New Delhi, March 8
In a bid to expedite the execution of power sector projects, especially hydro-electric projects, the Centre has taken a slew of measures including dispensing with the requirement of obtaining approvals from the Planning Commission and the mandatory pre-PIB (Public Investment Board) examination.
Also, the limit for incurring capital expenditure on new projects without Government approval has been enhanced for Central public sector undertakings (CPSUs) and the time limits stipulated for the investment appraisal and the approval process have been slashed.
"A series of measures has been taken to ensure that power projects do not get delayed as in the earlier Plan periods.
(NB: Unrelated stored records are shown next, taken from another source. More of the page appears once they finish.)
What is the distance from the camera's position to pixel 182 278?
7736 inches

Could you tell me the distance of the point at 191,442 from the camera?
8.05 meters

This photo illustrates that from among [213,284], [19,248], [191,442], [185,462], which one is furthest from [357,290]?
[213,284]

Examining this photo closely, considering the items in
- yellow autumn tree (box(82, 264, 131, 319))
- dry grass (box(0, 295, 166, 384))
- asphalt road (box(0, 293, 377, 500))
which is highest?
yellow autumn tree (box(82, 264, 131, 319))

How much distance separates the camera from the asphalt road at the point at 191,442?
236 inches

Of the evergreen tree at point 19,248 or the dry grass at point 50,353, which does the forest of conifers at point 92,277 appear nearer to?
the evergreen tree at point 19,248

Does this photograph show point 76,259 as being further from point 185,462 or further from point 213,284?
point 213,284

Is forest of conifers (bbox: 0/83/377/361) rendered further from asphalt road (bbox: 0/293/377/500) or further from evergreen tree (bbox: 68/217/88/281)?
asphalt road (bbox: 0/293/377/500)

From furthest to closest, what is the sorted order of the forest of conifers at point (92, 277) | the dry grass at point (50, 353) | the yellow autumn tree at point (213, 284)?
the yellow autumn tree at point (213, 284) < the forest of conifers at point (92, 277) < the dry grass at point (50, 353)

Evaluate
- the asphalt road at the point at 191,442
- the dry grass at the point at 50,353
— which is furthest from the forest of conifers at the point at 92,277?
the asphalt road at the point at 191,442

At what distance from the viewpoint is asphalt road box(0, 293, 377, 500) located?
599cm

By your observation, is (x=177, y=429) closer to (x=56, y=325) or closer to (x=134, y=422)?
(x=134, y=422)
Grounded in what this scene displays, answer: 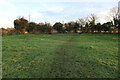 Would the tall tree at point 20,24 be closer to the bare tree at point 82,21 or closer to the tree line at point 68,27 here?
the tree line at point 68,27

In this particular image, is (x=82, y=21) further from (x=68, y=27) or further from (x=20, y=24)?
(x=20, y=24)

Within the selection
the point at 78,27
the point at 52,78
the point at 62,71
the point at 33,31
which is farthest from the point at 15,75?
the point at 78,27

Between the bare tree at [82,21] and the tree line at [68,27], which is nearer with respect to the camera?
the tree line at [68,27]

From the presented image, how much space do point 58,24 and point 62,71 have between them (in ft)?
133

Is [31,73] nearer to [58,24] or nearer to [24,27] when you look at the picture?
[24,27]

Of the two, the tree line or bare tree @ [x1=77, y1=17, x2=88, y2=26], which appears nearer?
the tree line

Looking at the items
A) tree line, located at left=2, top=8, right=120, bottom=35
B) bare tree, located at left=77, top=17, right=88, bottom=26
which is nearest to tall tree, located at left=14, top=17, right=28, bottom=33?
tree line, located at left=2, top=8, right=120, bottom=35

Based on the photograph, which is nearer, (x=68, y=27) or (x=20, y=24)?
(x=20, y=24)

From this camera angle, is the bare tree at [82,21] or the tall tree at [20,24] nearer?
the tall tree at [20,24]

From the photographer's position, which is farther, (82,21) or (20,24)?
(82,21)

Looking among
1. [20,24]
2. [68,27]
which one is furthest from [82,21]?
[20,24]

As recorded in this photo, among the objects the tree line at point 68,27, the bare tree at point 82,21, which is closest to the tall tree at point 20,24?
the tree line at point 68,27

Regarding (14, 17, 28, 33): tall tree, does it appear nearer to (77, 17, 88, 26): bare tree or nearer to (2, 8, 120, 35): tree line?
(2, 8, 120, 35): tree line

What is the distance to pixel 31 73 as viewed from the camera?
343cm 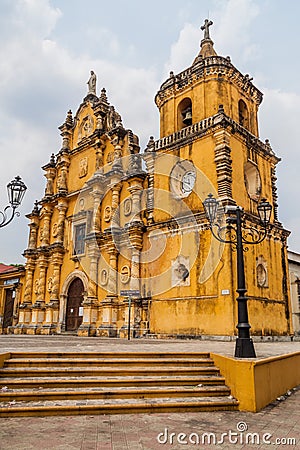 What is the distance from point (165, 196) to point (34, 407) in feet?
40.9

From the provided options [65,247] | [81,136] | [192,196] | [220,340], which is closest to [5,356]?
[220,340]

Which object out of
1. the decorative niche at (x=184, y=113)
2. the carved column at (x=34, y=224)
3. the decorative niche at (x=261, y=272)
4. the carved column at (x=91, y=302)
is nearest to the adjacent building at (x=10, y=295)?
the carved column at (x=34, y=224)

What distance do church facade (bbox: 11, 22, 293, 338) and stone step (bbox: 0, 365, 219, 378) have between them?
644 cm

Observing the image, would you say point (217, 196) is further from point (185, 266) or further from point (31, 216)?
point (31, 216)

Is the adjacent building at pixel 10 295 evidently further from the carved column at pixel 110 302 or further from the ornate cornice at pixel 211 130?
the ornate cornice at pixel 211 130

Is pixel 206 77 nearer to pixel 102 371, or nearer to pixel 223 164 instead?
pixel 223 164

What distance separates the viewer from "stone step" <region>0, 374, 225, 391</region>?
572cm

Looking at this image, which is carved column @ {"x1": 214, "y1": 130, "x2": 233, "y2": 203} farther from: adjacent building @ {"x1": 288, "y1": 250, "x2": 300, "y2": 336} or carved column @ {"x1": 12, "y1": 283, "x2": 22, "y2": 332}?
carved column @ {"x1": 12, "y1": 283, "x2": 22, "y2": 332}

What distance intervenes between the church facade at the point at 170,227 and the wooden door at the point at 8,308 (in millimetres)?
3837

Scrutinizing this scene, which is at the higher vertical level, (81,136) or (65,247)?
(81,136)

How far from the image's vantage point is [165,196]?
16.8 metres

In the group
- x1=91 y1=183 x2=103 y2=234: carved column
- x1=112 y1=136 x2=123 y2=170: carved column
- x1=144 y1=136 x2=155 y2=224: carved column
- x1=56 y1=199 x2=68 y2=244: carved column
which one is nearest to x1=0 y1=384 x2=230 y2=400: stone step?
x1=144 y1=136 x2=155 y2=224: carved column

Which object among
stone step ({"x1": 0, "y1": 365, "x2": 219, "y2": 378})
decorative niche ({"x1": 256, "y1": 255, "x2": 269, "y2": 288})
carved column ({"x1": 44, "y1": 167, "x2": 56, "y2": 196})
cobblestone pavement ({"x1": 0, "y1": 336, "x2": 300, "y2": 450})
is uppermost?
carved column ({"x1": 44, "y1": 167, "x2": 56, "y2": 196})

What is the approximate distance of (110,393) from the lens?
18.4ft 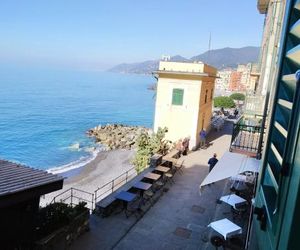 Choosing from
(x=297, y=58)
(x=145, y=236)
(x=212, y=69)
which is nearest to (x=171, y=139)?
(x=212, y=69)

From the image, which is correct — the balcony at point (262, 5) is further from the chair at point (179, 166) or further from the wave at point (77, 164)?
the wave at point (77, 164)

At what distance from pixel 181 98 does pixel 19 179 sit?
54.6 ft

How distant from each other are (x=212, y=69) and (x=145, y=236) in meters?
18.9

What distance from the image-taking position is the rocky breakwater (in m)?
37.8

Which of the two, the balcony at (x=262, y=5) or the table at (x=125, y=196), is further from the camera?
the balcony at (x=262, y=5)

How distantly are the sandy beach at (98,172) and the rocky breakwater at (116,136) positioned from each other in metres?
1.93

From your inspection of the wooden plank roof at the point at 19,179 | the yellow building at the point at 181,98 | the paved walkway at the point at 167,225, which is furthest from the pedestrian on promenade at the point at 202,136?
the wooden plank roof at the point at 19,179

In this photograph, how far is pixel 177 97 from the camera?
23.0 m

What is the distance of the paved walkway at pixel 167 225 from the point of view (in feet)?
33.1

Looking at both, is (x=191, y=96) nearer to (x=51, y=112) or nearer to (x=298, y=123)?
(x=298, y=123)

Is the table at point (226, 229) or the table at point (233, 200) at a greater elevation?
the table at point (233, 200)

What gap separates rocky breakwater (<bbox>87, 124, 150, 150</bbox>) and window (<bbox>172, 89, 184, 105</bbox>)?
14.6 meters

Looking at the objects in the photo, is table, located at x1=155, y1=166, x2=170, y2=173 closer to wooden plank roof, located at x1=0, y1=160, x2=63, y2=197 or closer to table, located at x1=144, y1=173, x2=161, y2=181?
table, located at x1=144, y1=173, x2=161, y2=181

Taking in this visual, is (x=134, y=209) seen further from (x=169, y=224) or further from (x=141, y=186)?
(x=169, y=224) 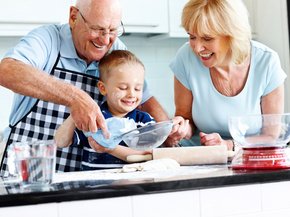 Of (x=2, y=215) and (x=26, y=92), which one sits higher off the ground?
(x=26, y=92)

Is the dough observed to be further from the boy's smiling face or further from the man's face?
the man's face

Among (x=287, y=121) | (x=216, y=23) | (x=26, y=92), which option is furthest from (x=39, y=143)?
(x=216, y=23)

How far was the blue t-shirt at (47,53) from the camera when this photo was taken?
6.86ft

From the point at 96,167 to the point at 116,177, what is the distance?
570 millimetres

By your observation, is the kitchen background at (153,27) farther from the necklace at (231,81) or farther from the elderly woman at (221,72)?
the necklace at (231,81)

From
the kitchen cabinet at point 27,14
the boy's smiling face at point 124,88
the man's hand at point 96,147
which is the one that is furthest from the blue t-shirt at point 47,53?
the kitchen cabinet at point 27,14

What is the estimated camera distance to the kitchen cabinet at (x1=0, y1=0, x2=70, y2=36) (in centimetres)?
306

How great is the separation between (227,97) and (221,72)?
110 millimetres

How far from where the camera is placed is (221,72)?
2.34 meters

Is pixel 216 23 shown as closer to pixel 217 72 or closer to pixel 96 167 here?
pixel 217 72

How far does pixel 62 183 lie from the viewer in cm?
126

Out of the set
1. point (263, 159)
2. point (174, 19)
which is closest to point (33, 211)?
point (263, 159)

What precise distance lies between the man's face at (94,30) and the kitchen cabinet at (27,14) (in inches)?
38.2

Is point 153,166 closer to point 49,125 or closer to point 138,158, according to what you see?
point 138,158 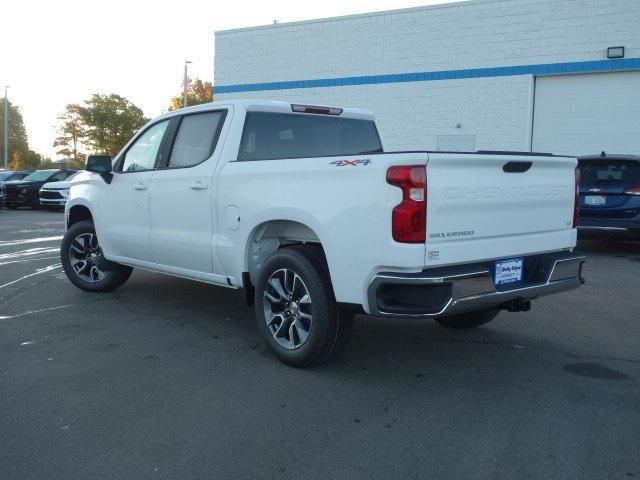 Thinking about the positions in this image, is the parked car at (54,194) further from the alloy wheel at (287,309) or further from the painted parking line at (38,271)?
the alloy wheel at (287,309)

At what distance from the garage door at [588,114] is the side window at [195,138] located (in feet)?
50.4

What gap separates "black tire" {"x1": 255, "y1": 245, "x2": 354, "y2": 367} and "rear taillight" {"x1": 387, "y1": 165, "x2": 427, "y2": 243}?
784 millimetres

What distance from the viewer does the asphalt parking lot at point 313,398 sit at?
3.14 metres

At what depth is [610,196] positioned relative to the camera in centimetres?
1031

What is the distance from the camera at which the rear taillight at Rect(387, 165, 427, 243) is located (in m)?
3.73

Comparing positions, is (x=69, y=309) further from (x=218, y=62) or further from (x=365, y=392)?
(x=218, y=62)

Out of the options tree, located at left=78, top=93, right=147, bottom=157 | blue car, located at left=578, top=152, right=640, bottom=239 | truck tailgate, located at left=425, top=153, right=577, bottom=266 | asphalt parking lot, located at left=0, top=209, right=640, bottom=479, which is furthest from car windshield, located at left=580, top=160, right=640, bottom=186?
tree, located at left=78, top=93, right=147, bottom=157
We are keeping a close vigil on the targets and weekly video conferences with all CPSUs are being conducted to ensure that slippages are eliminated," a senior Power Ministry official said.
Besides the policy measures taken for compressing the clearance process, the Government is also working on eliminating bottlenecks in the provision of fuel, transport linkages and assure supplies of essential inputs for thermal power stations, officials said.
According to the Ministry of Statistics, a number of projects in the power sector are reported to be facing constraints in timely commissioning, which includes those under different stages of implementation but reporting certain amount of time lag for which remedial measures have been suggested.
The projects facing constraints include those in hydro generation, which are facing roadblocks due to slow pace of civil works and poor performance of contractors. Some of the transmission projects have also been delayed as they are linked to generation projects that have got stuck.
The projects facing delays include the Madurai-Thiruvananthapuram 400 kV DC line of the State-owned Power Grid Corporation of India Ltd (PGCIL), which has encountered a time lag of 19 months and cost overrun of nearly 27 per cent, mainly due to land acquisition delays.
The Loktak hydel project of the National Hydroelectric Power Corporation (NHPC) in Manipur, approved in December 1999, is currently under review because of various constraints, high costs, and security reasons.
The Tehri Dam and Hydel Project of Tehri Hydro Development Corporation Ltd has already reported a cost overrun of over 125 per cent and a time delay of more than 76 months.
The associated Tehri Transmission System of PGCIL has also reported a cost overrun of nearly 92 per cent and time delay of 78 months with respect to the original estimates.